• _Supplied data_:
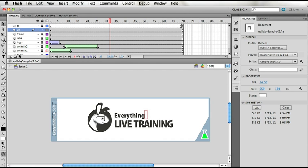Another new feature for Flash Pro CS 5.5 is the option to have a recovery file or an autosave. So auto recover, autosave, same thing more or less. It's two features integrated into one.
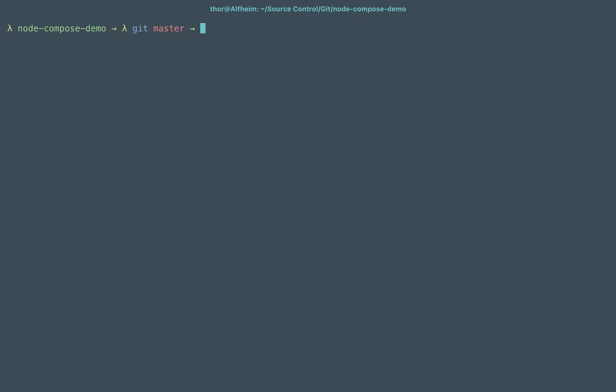When working with multiple containers, it's a great idea to use Docker Compose.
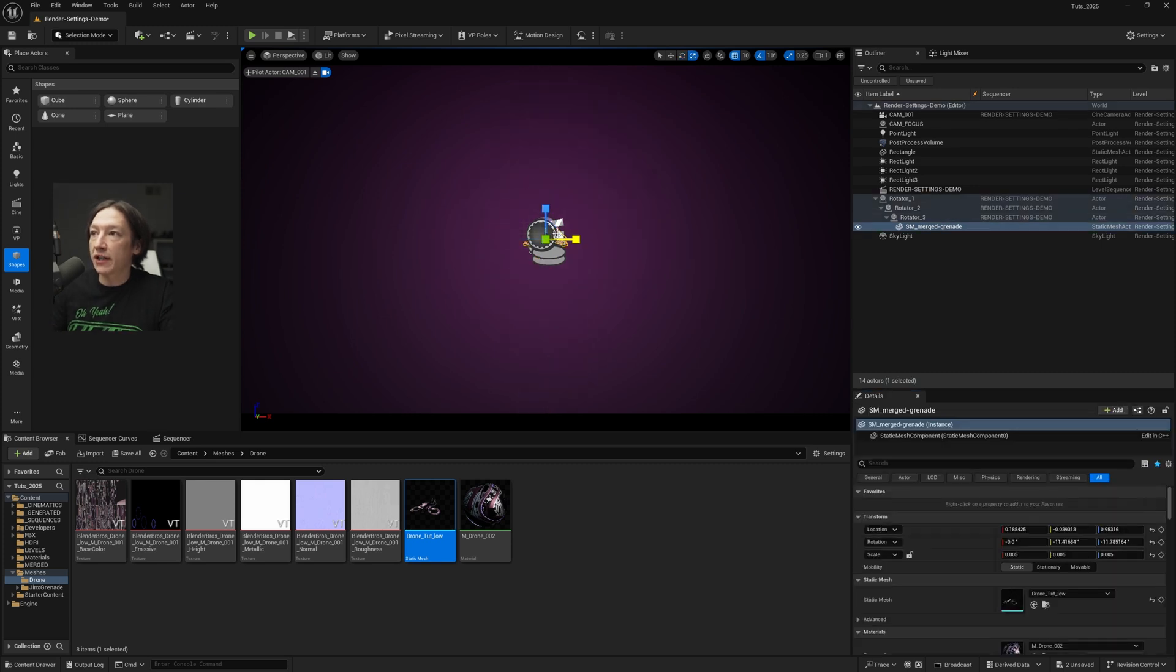But now we can hit R on the keyboard and go ahead and hit Shift-C. A few moments later, 0.05, 0.05, 0.05. Great, now we have the drone in our scene. Looks cool.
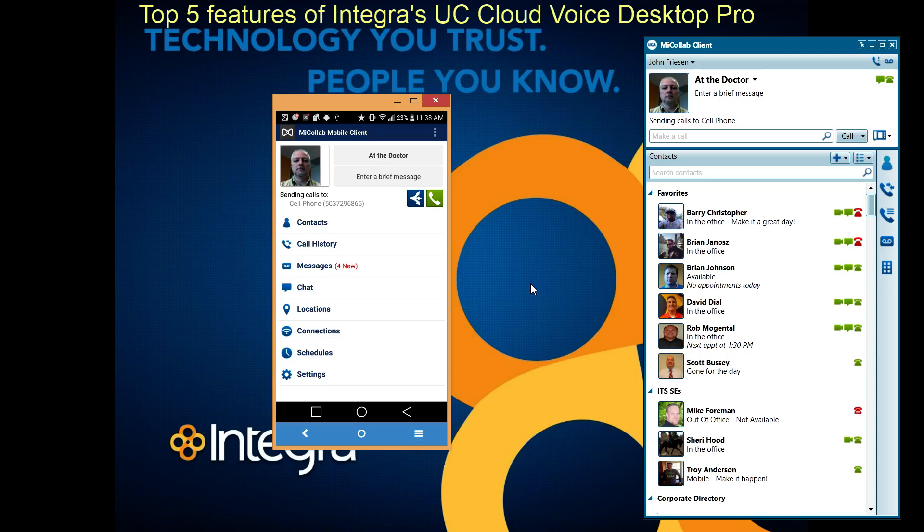So a very powerful application. I haven't touched on all the features, but these are definitely the most useful features of Integra's UC CloudVoice Desktop Pro license. Thanks for watching.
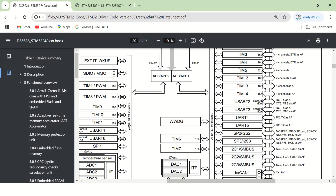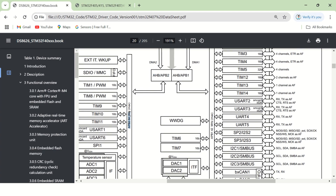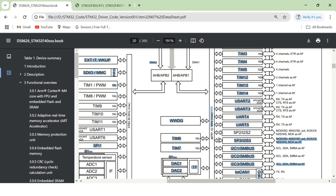The APB2 bus has a maximum speed of 84 MHz, and the APB1 bus has a maximum speed of 42 MHz. For example, if you want to configure or use UART5, first you should know what is the APB1 base address, because UART5 is connected to the APB1 bus. Similarly, if you want to use a SPI peripheral, you should know the APB2 base address, because SPI is connected to APB2. This covers how the different peripherals are connected to their respective buses.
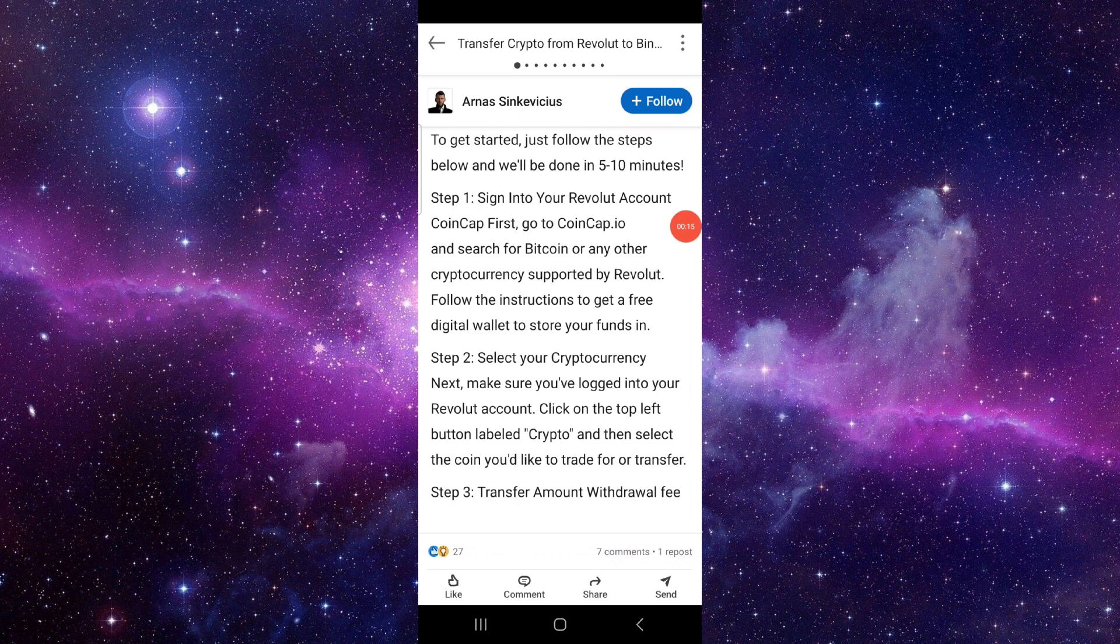First step is you have to sign in to your Remitano account, then you have to go to this website coincap.io.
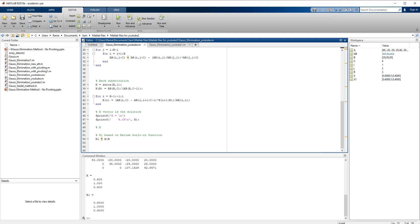The x vector comes out as a 3-by-1 vector — three rows and one column. x1 is 0.6, x2 is 1, and x3 is 0.4, and the same values are obtained when we use the built-in MATLAB function.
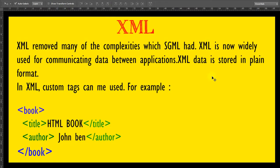XML removed many of the complexities which SGML had and is now widely used for communicating data between applications. XML data is stored in plain text format. In XML, custom tags can be used — for example, book, title, author, and so on. If you remember, in HTML writing this kind of custom tag is not allowed; HTML only has predefined tags which you must use. But in XML you can create your own custom tags.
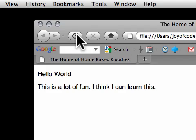What you've just learned is how to take TextEdit and change it so that you can use it to create web pages, and how to get started with a web page.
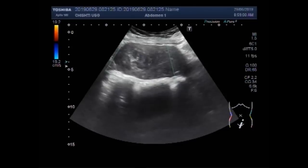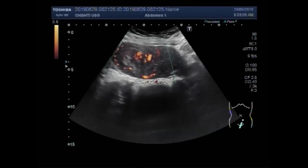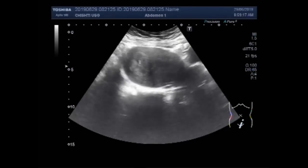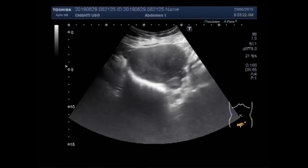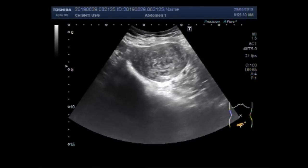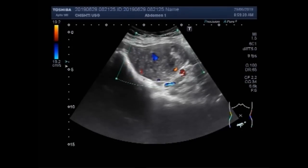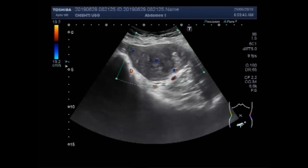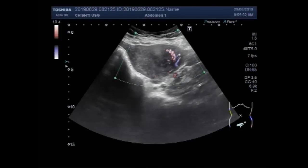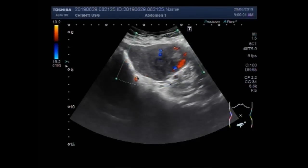You can see plenty of blood flow in its interior, especially in the rim region. Again you can see the blood flow in the mass. There is significant blood flow seen in the mass, which indicates that it may be a malignant mass.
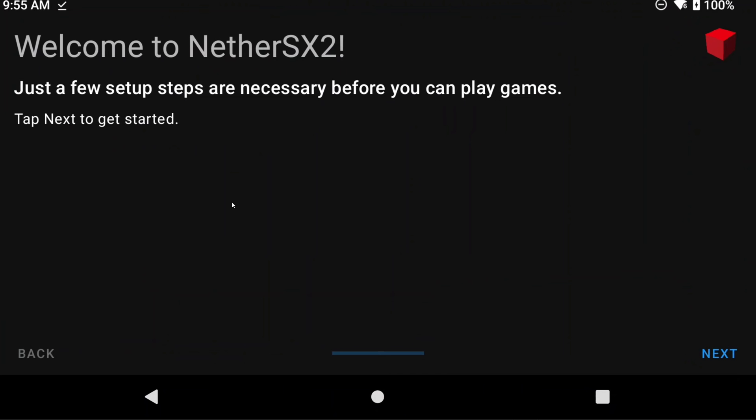If you have no existing data to import, then you're all done. I'll share a guide in the description to help you set up NetherSX2. Even for users that are importing data, you will need to reconfigure some things, so it's good to check out that guide to make sure you haven't forgotten anything.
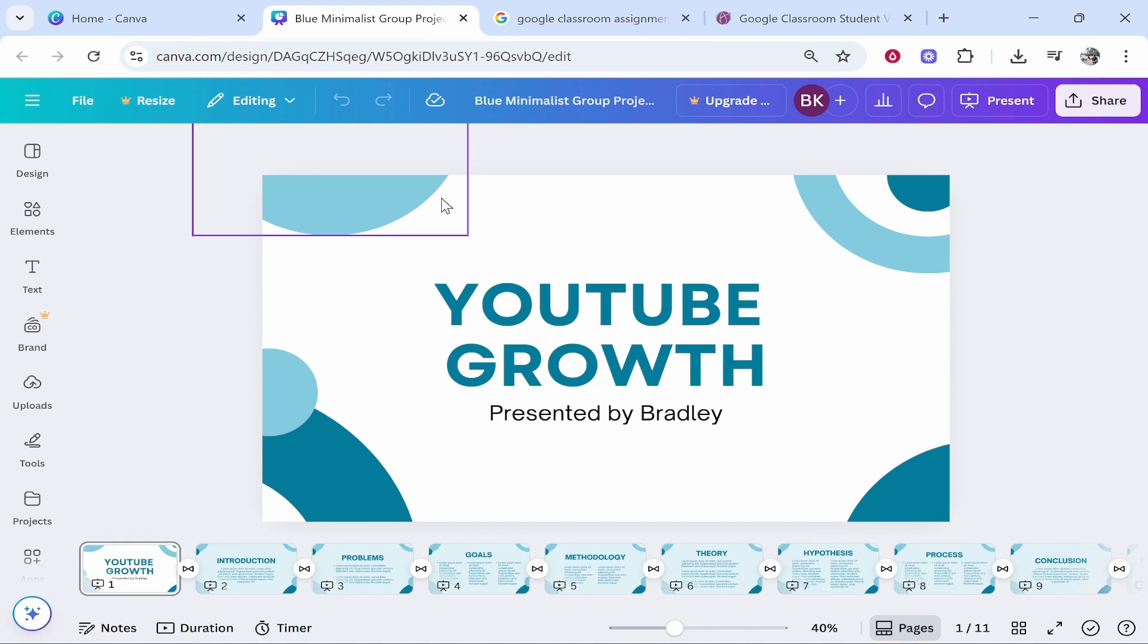In this video I'll show you how to send your Canva presentation in Google Classroom. So if you've got a project which is due and you want to send the link to your Canva presentation in Google Classroom, here's what you will do.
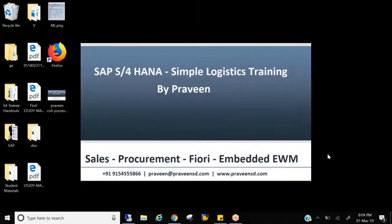As a consultant, what is your role and responsibilities in the support project? So today we'll be discussing about the first concept of sales and distribution, that is enterprise structure.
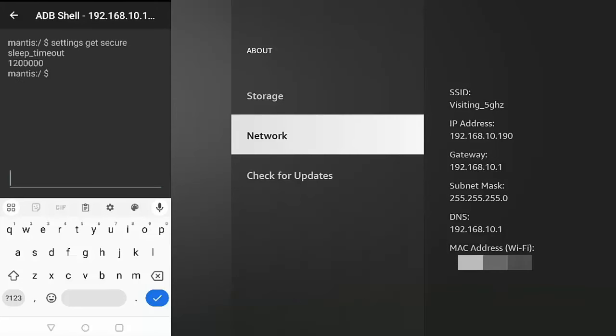Now what you should see come up underneath that command is the number of milliseconds that it's going to be before your Fire Stick screen turns off or goes to sleep. As you can see, mine is 1.2 million there, and 1.2 million milliseconds equates to 20 minutes. So in this video, what we're going to do is we're going to disable the timeout completely.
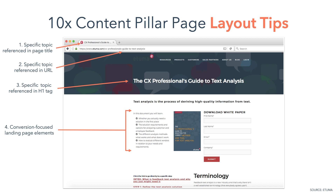Moving down to tip 4, include conversion-focused landing page elements — text to the left with bullet points to describe the offer's value, an image of the offer's cover in the middle, and a form to fill out and access the offer to the right. Insert the form directly on the 10x content pillar page to reduce the number of conversion actions a reader needs to take. That said, if you're more comfortable with a dedicated landing page, insert a call to action that links to it on the pillar page.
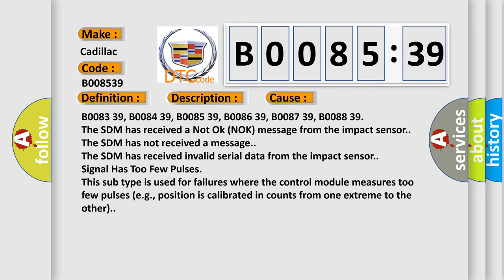The SDM has not received a message. The SDM has received invalid serial data from the impact sensor. Signal has too few pulses. This subtype is used for failures where the control module measures too few pulses, e.g., position is calibrated in counts from one extreme to the other.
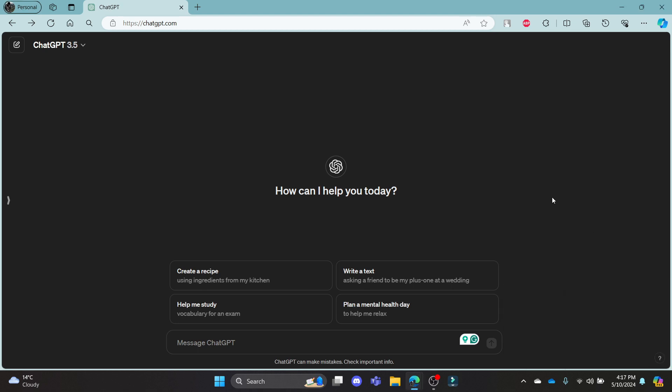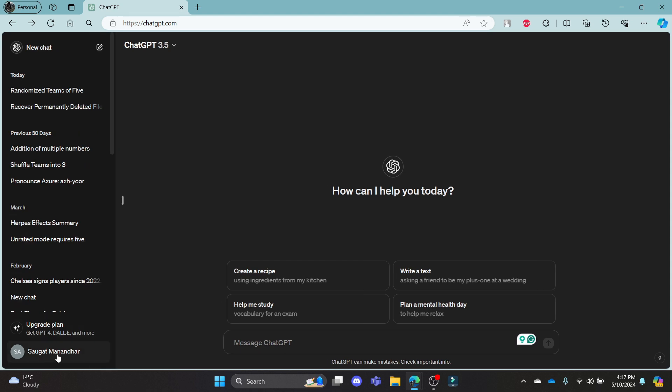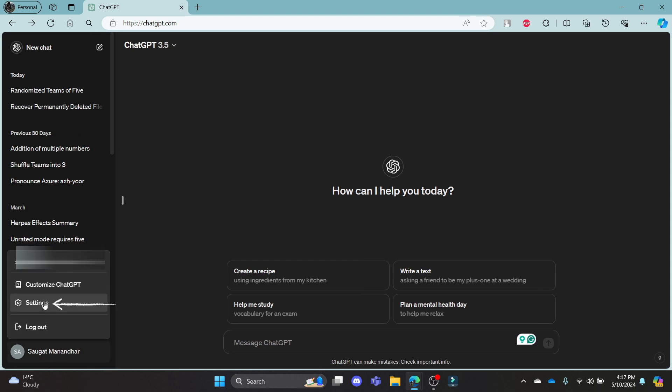In this video, I'm going to teach you how you can sign out of all of your devices on ChatGPT. Go ahead and open ChatGPT.com on your Chrome or its browser, log into your account, and then click on your profile which is on the bottom left hand corner.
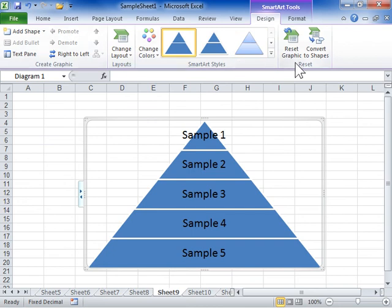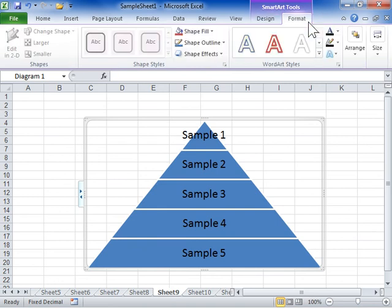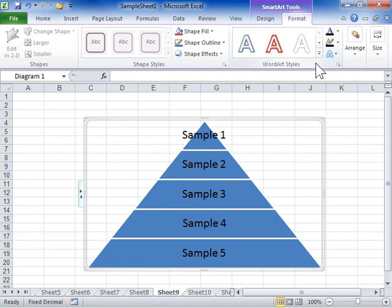To change the shape style, text style, arrangement, and size of the SmartArt Graphic, click the Format tab. This is the process to change a SmartArt Graphic.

• _Task statement_:
Output exactly the lines above, beginning at the one with "First step is" and stopping after the one with "The x vector". Pictures are to be omitted.

• _Answer for the task_:
First step is you have to sign in to your Remitano account, then you have to go to this website coincap.io.
The x vector comes out as a 3-by-1 vector — three rows and one column. x1 is 0.6, x2 is 1, and x3 is 0.4, and the same values are obtained when we use the built-in MATLAB function.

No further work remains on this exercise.